What you are asked to do
Since the copy must hold text only, transcribe the data below exactly and omit the images.

Data excerpt
● ● ●
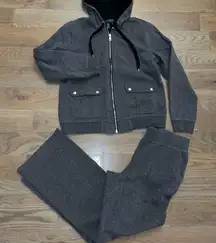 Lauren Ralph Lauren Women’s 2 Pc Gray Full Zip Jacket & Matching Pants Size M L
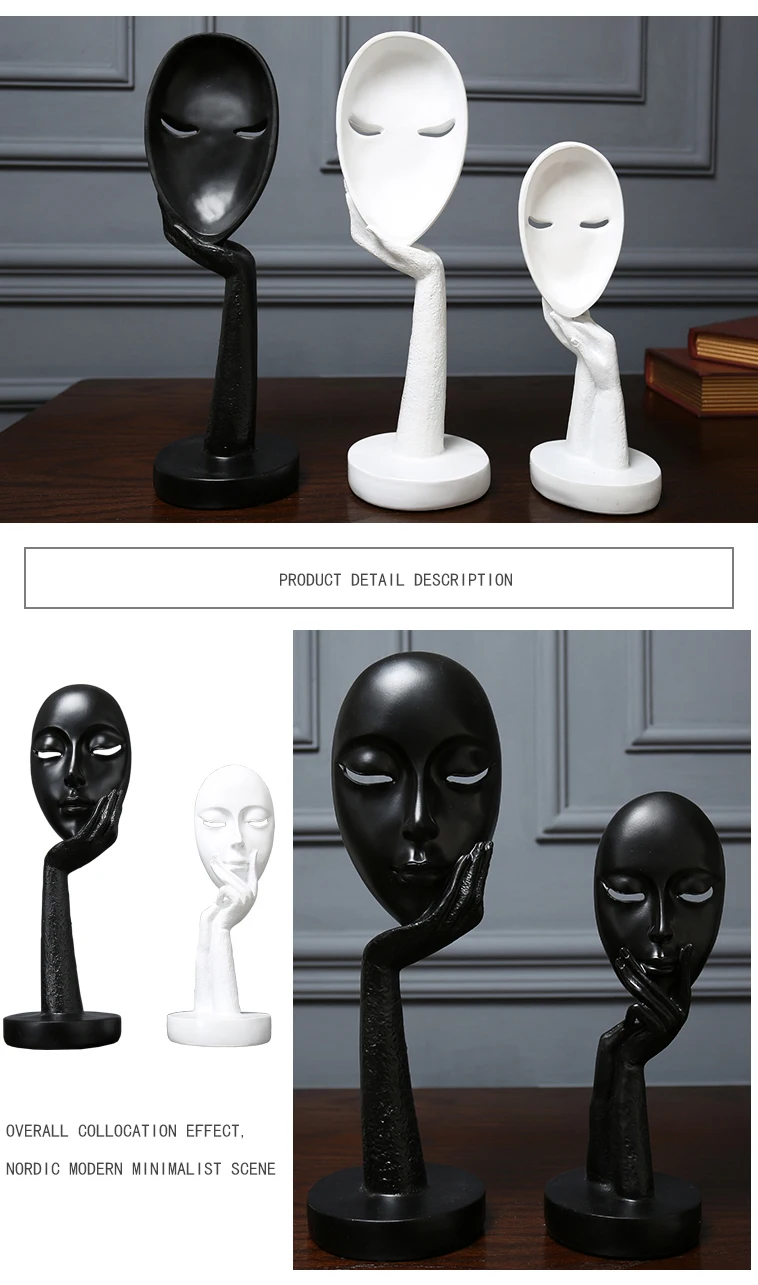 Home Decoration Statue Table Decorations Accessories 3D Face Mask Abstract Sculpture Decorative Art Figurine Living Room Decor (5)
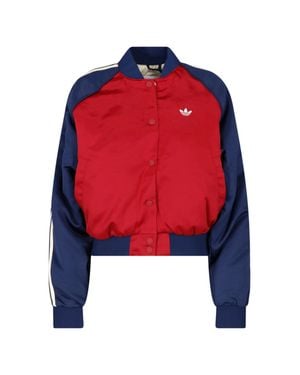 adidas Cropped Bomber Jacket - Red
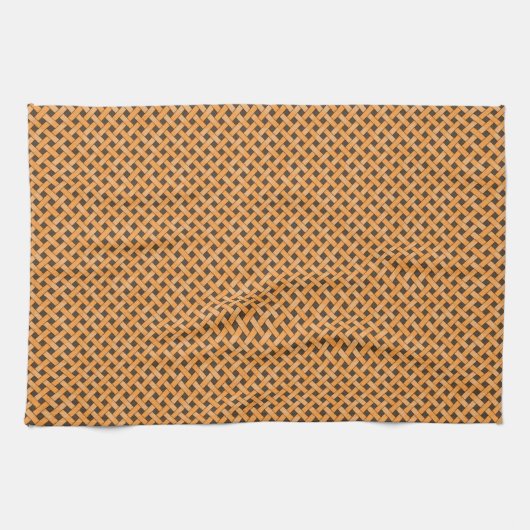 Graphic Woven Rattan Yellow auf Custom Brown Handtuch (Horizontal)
● ● ●
Exercise solution
 Lauren Ralph Lauren Women’s 2 Pc Gray Full Zip Jacket & Matching Pants Size M L
 Home Decoration Statue Table Decorations Accessories 3D Face Mask Abstract Sculpture Decorative Art Figurine Living Room Decor (5)
 adidas Cropped Bomber Jacket - Red
 Graphic Woven Rattan Yellow auf Custom Brown Handtuch (Horizontal)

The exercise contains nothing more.